EXERCISE DATA:
↓

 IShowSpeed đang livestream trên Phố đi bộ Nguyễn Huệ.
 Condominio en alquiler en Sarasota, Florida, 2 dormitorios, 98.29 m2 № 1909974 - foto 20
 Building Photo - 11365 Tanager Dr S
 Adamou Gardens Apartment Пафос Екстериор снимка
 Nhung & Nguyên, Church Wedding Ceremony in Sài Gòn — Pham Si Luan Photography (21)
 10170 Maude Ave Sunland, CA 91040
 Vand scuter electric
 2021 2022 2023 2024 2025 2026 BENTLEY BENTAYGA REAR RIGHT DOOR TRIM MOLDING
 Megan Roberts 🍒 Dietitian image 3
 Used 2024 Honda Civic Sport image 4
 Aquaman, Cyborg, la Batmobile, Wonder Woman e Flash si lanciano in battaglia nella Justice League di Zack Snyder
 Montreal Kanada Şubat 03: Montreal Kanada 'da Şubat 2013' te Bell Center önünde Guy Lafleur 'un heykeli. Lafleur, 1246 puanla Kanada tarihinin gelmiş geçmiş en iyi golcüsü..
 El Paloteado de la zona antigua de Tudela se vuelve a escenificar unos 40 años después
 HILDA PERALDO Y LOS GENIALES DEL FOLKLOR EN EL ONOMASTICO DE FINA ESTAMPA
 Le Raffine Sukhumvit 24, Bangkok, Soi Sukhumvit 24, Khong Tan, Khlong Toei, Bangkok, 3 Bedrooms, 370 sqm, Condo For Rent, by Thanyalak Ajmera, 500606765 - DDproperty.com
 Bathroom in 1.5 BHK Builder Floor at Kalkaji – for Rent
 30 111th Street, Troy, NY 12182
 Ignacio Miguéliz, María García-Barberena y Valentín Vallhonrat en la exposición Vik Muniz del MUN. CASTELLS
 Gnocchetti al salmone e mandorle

↑

WORK TASK: Count up the lines in the listing that hold the word "Rent", and give that number only.

OUTPUT OF THE EXERCISE: 2